It is not clear to me why we use va_start(ap, count);. As far as I understand, in this way we set the iterator to its first element. But why it is not set to the beginning by default?
It is not clear to me why we need to give count as an argument. Can't C automatically determine the number of the arguments?
It is not clear to me why we use va_end(ap). What does it change? Does it set the iterator to the end of the list? But is it not set to the end of the list by the loop? Moreover, why do we need it? We do not use ap anymore; why do we want to change it?
Remember that arguments are passed on the stack. The va_start function contains the "magic" code to initialize the va_list with the correct stack pointer. It must be passed the last named argument in the function declaration or it will not work.
What va_arg does is use this saved stack pointer, and extract the correct amount of bytes for the type provided, and then modify ap so it points to the next argument on the stack.
In reality these functions (va_start, va_arg and va_end) are not actually functions, but implemented as preprocessor macros. The actual implementation also depends on the compiler, as different compilers can have different layout of the stack and how it pushes arguments on the stack.
But why it is not set to the beginning by default?
Maybe because of historical reasons from when compilers weren't smart enough. Maybe because you might have a varargs function prototype which doesn't actually care about the varargs and setting up varargs happens to be expensive on that particular system. Maybe because of more complex operations where you do va_copy or maybe you want to restart working with the arguments multiple times and call va_start multiple times.
The short version is: because the language standard says so.
Second, it is not clear to me why we need to give count as an argument. Can't C++ automatically determine the number of the arguments?
That's not what all that count is. It is the last named argument to the function. va_start needs it to figure out where the varargs are. Most likely this is for historical reasons on old compilers. I can't see why it couldn't be implemented differently today.

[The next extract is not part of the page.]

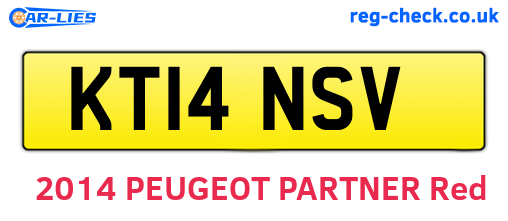 KT14NSV are the vehicle registration plates.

As the second part of your question: no, the compiler doesn't know how many arguments were sent to the function. It might not even be in the same compilation unit or even the same program and the compiler doesn't know how the function will be called. Imagine a library with a varargs function like printf. When you compile your libc the compiler doesn't know when and how programs will call printf. On most ABIs (ABI is the conventions for how functions are called, how arguments are passed, etc) there is no way to find out how many arguments a function call got. It's wasteful to include that information in a function call and it's almost never needed. So you need to have a way to tell the varargs function how many arguments it got. Accessing va_arg beyond the number of arguments that were actually passed is undefined behavior.

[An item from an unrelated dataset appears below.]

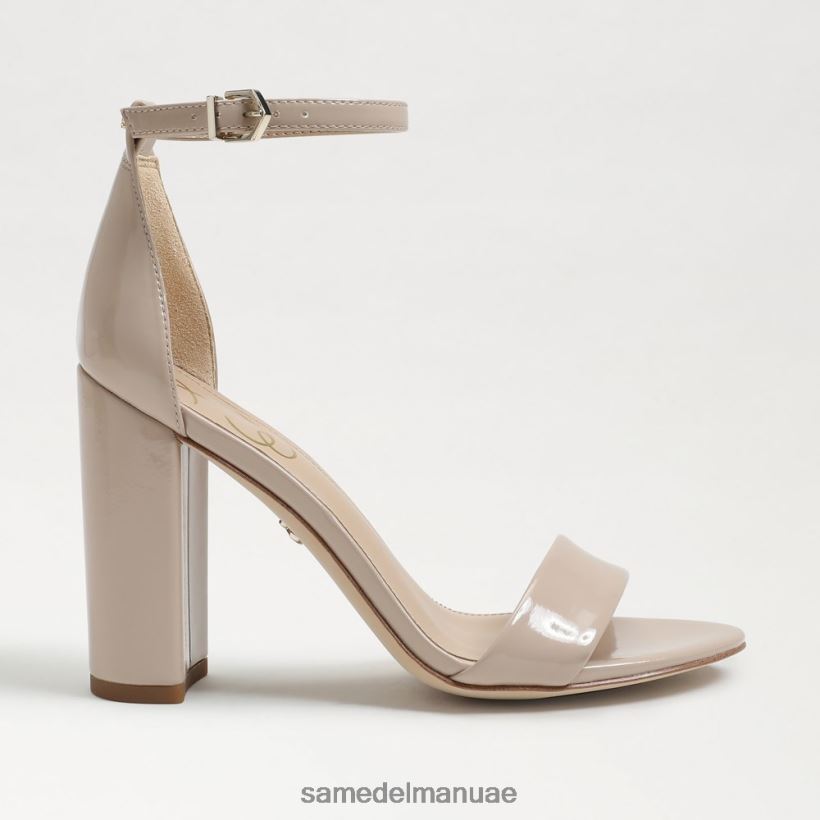 براءة اختراع شاي لاتيه أحذية Sam Edelman نحيف صندل بكعب عريض من يارو 246L6T337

Then it is not clear to me why do we use va_end(ap). What does it change?
On most architectures va_end doesn't do anything relevant. But there are some architectures with complex argument passing semantics and va_start could even potentially malloc memory then you'd need va_end to free that memory.
The short version here is also: because the language standard says so.
va_start initalises the list of variable arguments. You always pass the last named function argument as the second parameter. It is because you need to provide information about location in the stack, where variable arguments begin, since arguments are pushed on the stack and compiler cannot know where there's a beginning of variable argument list (there's no differentiation).
As to va_end, it is used to free resources allocated for the variable argument list during the va_start call.
It's C macroses. va_start sets internal pointer to address of first element. va_end cleanup va_list. If there is va_start in code and there is no va_end - it's UB.
The restrictions that ISO C places on the second parameter to the va_start() macro in header
are different in this International Standard. The parameter parmN is the identifier of the rightmost parameter
in the variable parameter list of the function definition (the one just before the ...). If the parameter
parmN is declared with a function, array, or reference type, or with a type that is not compatible with the
type that results when passing an argument for which there is no parameter, the behavior is undefined.
I'd like to write a function that has return type of va_list.
example: va_list MyFunc(va_list args);
is this safe and portable?
va_list might (but is not guaranteed to) be an array type, so you can't pass or return it by value. Code that looks as if it does, might just be passing/returning a pointer to the first element, so you can use the parameter in the callee but you might be acting on the original.
Formally you can probably say that va_list is an entity type, not a value type. You copy it with va_copy, not with assignment or via function parameters/return.
While you can definitely return such a value, I am not sure if the return value can be used in a useful way.
As the handling of va_lists requires special treatment (va_end() required after va_start() and va_copy()), and va_start/copy and va_end macros are even allowed to contain { } to enforce this pairing, you cannot call one without the other.
Whatever the language standard says, this is unlikely to work in practice. A va_list is likely to be a pointer to a call record placed on the stack by a caller for the benefit of the callee. Once the callee returns, that memory on the stack is fair game for reuse.
Returning the type va_list is unlikely to actually copy the content of the list back to the caller. Although that would be a valid implementation of C, if the standard requires it be done so, that would be a defect in the specification.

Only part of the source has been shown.